Alimentos com redução de 60% em relação à alíquota padrão
Veja a seguir os produtos relacionados nesta categoria, sendo que, para verificar ressalvas e exceções, deve-se consultar a legislação:
- Crustáceos (exceto lagostas e lagostim) e moluscos;
- Leite fermentado, bebidas e compostos lácteos;
- Mel natural;
- Farinhas (outras);
- Grumos e sêmolas de cereais;
- Grãos de cereais;
- Amido de milho;
- Óleos de soja, de milho, canola e demais óleos vegetais;
- Massas alimentícias recheadas (mesmo cozidas ou preparadas de outro modo) e massas instantâneas;
- Sucos naturais de fruta ou de produtos hortícolas;
- Polpas de frutas ou de produtos hortícolas (sem adição de açúcar ou de outros edulcorantes e sem conservantes);
- Pão de forma;
- Extrato de tomate;
- Frutas, produtos hortícolas e demais produtos vegetais (não incluídos na alíquota zero);
- Cereais e sementes e frutos oleaginosos;
- Produtos hortícolas, mesmo misturados entre si, apenas pré-cozidos ou cozidos em água ou vapor, sem adição de sal ou de quaisquer outros produtos e substâncias.
Como verificar se um produto é isento ou tem desconto?
Para identificar se um produto terá alíquota zero ou reduzida, o contribuinte deve utilizar a Nomenclatura Comum do Mercosul (NCM/SH).

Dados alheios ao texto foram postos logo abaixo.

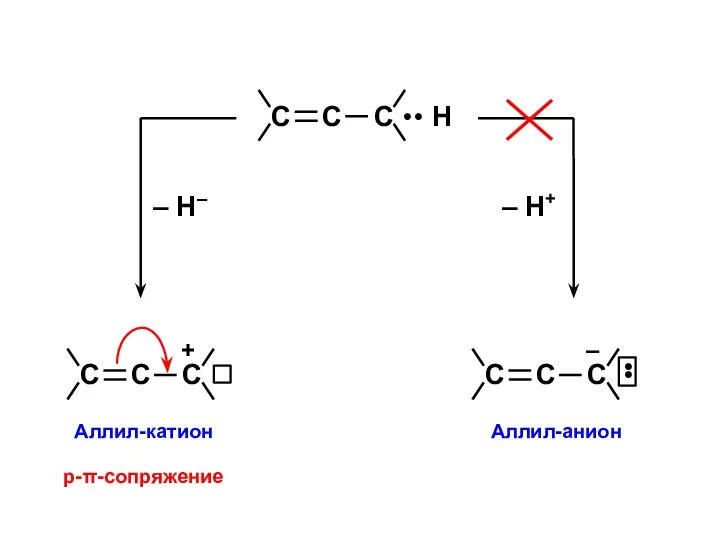 р-π-сопряжение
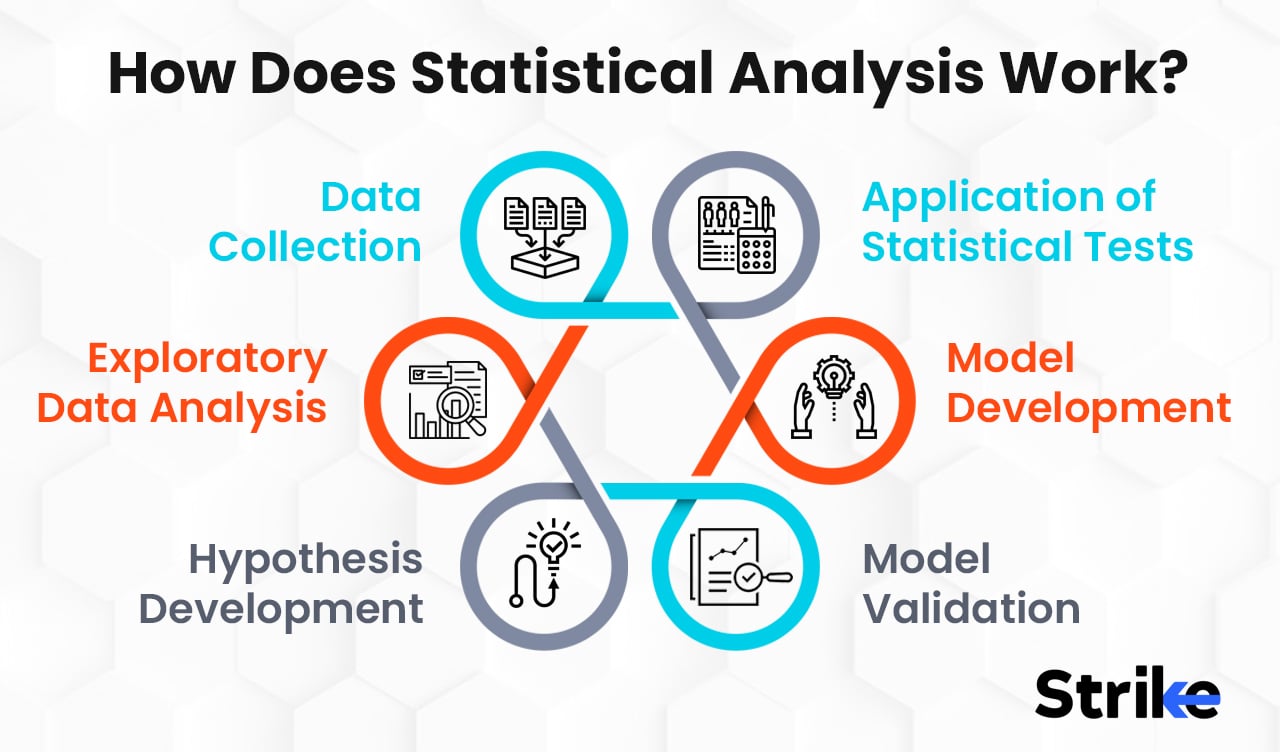 Statistical Analysis: Definition, How It Works, Importance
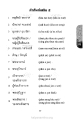 คำศัพท์เสริมในพระพุทธศาสนา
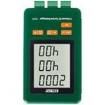 SD900  Test & Measurement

A Lei Complementar nº 214/2025 vincula o benefício fiscal diretamente ao código NCM do produto.
O passo a passo é o seguinte:
- Consultar os Anexos da LC 214/2025: Verifique se o código NCM do seu produto consta nos Anexos I ou XV (alíquota zero) ou no Anexo de redução de 60%.
- Atenção às Descrições: Em alguns casos, o benefício depende não apenas do NCM, mas também da descrição técnica ou finalidade do produto (ex: “para consumo humano” ou “sem adição de açúcar”).
Notas fiscais no período de transição
A forma como as isenções e reduções aparecem na nota fiscal mudará conforme o cronograma de implementação da Reforma Tributária.
Em 2026, a CBS e o IBS devem ser informados na nota fiscal com uma alíquota de 0,1%, sendo 0,01% para CBS e 0,09% para IBS. Este é um período de teste para que os sistemas se adaptem. O valor não será recolhido, mas servirá para o cálculo de créditos nas etapas seguintes da cadeia produtiva.
A partir de 2027, os tributos serão destacados normalmente no documento fiscal eletrônico.
No caso da alíquota zero, o produto será faturado sem destaque de CBS e IBS, mas a lei garante a manutenção dos créditos das etapas anteriores (Art. 52 da LC 214/2025).
Se o produto tiver alíquota reduzida, o imposto será calculado aplicando-se o redutor de 60% sobre a alíquota padrão vigente no local da operação.